-- Source information follows --

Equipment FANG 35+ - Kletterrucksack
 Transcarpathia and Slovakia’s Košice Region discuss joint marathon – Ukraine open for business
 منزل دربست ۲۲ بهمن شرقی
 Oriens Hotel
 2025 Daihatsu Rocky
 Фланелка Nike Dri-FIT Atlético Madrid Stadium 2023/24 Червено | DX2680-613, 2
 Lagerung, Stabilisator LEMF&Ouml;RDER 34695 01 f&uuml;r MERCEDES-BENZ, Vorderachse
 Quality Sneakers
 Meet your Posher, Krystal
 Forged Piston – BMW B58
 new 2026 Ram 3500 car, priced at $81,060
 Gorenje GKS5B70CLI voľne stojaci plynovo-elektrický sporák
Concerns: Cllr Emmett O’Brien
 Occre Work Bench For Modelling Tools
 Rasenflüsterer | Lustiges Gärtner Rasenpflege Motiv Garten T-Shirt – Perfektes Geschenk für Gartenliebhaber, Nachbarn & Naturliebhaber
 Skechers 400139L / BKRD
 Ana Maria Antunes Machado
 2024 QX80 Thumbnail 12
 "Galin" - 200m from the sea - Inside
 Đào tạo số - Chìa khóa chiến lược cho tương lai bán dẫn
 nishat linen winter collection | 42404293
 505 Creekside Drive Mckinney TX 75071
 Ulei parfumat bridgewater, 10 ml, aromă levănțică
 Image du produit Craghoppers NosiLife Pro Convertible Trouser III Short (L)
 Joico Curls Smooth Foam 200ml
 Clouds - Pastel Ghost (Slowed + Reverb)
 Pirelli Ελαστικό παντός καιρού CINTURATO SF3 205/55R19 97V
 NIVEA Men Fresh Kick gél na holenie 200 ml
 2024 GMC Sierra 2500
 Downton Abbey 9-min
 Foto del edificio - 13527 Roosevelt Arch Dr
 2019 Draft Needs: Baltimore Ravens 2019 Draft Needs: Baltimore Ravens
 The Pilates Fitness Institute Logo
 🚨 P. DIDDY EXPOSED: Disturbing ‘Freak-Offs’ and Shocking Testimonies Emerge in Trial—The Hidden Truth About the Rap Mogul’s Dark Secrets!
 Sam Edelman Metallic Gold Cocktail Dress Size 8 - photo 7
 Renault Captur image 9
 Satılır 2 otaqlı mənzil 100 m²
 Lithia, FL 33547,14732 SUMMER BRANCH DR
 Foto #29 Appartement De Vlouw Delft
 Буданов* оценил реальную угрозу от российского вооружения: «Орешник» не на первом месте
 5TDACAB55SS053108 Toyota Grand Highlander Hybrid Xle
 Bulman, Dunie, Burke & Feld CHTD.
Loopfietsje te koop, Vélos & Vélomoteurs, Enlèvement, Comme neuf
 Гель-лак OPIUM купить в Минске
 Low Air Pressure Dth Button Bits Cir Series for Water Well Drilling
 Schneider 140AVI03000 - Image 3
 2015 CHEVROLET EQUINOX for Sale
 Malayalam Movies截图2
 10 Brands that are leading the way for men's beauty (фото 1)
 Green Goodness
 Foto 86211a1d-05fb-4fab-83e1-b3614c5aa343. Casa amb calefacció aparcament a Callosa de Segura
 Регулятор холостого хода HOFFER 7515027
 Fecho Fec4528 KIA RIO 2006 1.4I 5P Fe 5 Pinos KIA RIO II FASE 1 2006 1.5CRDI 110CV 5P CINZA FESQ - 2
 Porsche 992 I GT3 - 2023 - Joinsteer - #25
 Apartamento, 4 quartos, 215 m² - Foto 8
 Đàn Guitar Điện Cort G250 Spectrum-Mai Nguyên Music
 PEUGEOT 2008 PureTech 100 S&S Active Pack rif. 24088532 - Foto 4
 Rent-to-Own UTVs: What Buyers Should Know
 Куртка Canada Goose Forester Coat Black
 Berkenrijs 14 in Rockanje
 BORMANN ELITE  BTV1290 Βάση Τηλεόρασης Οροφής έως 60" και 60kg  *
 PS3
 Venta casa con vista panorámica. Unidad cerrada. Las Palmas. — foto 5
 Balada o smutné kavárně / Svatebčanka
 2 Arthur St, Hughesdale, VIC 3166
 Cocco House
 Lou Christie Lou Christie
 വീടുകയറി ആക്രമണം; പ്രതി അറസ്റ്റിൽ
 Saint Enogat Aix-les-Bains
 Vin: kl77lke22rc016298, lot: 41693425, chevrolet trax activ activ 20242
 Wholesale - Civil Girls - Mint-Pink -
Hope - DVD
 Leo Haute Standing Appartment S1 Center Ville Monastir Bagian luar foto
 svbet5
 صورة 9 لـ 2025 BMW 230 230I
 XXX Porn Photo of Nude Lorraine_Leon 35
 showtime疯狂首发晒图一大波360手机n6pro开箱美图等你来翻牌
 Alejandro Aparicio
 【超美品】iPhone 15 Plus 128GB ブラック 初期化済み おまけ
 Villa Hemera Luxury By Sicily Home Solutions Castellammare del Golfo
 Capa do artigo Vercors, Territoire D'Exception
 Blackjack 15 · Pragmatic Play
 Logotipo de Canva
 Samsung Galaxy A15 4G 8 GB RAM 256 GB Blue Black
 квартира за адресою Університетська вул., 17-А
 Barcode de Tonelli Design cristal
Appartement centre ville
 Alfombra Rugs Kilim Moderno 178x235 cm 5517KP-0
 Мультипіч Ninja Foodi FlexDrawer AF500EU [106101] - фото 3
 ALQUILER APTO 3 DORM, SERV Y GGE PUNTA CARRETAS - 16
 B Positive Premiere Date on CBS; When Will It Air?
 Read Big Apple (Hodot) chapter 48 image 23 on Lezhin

-- Source information concluded --

Reproduce precisely, and with no line left out, each line from the top of the entries through the line that carries "Фланелка Nike Dri-FIT".

▸ Answer
Equipment FANG 35+ - Kletterrucksack
 Transcarpathia and Slovakia’s Košice Region discuss joint marathon – Ukraine open for business
 منزل دربست ۲۲ بهمن شرقی
 Oriens Hotel
 2025 Daihatsu Rocky
 Фланелка Nike Dri-FIT Atlético Madrid Stadium 2023/24 Червено | DX2680-613, 2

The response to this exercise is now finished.